Dataset
::::::::

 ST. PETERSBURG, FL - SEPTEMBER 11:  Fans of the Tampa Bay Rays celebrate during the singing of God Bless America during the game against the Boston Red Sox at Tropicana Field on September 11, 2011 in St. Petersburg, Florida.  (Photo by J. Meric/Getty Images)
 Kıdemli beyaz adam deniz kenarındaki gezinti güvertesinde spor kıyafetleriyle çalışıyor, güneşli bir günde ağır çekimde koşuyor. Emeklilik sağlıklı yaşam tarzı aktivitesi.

::::::::

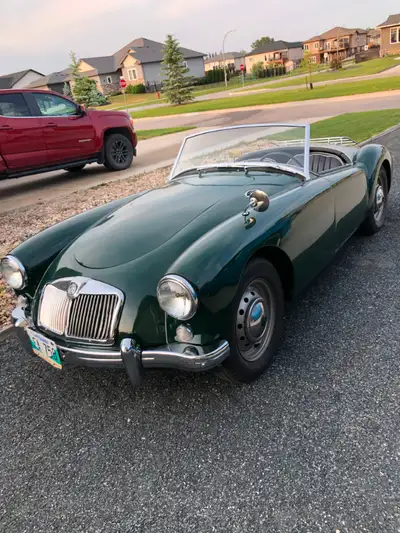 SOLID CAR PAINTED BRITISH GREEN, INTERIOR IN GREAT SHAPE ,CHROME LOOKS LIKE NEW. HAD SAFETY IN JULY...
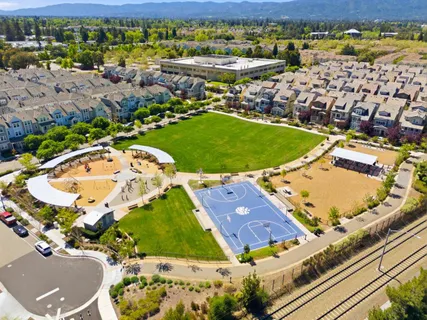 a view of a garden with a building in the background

::::::::

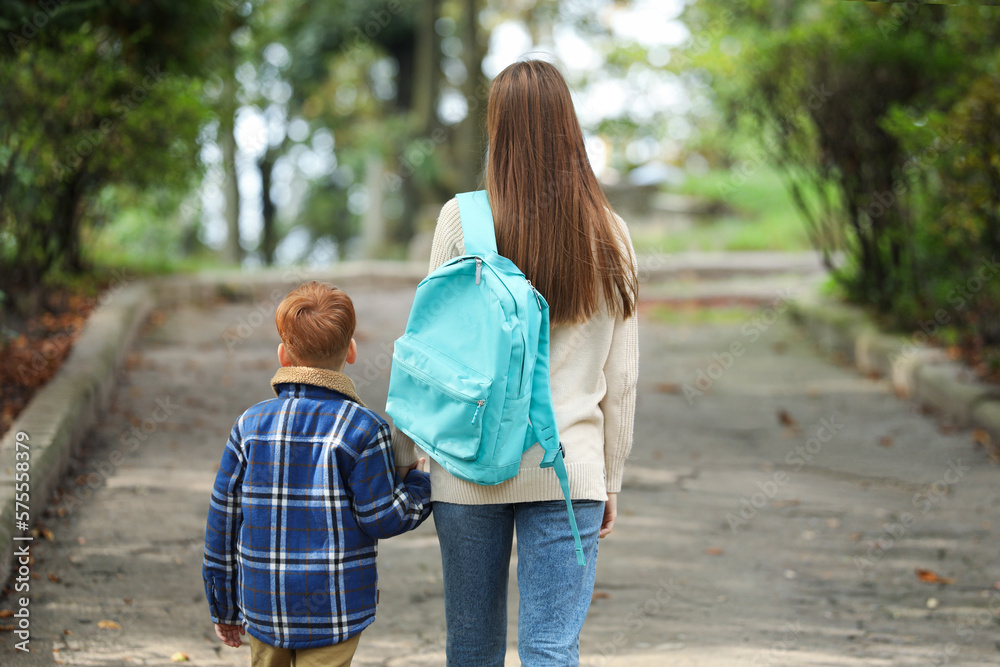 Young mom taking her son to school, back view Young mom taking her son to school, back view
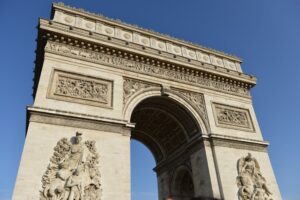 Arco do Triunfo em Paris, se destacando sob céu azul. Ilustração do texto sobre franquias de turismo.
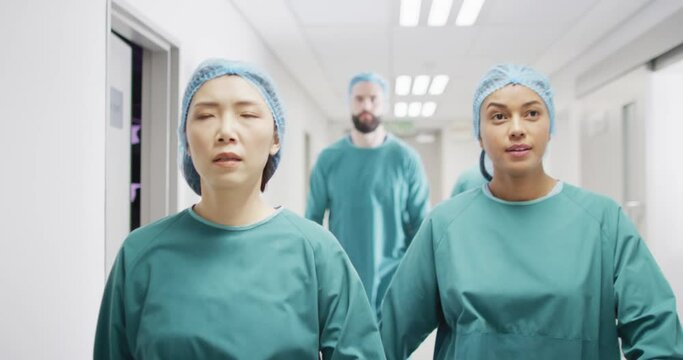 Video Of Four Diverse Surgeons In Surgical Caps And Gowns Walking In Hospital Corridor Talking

::::::::

Task statement
Reproduce the lines above, beginning at the line with "ST. PETERSBURG, FL - SEPTEMBER" and stopping after the line with "Kıdemli beyaz adam", exactly as they are.

Solved exercise
 ST. PETERSBURG, FL - SEPTEMBER 11:  Fans of the Tampa Bay Rays celebrate during the singing of God Bless America during the game against the Boston Red Sox at Tropicana Field on September 11, 2011 in St. Petersburg, Florida.  (Photo by J. Meric/Getty Images)
 Kıdemli beyaz adam deniz kenarındaki gezinti güvertesinde spor kıyafetleriyle çalışıyor, güneşli bir günde ağır çekimde koşuyor. Emeklilik sağlıklı yaşam tarzı aktivitesi.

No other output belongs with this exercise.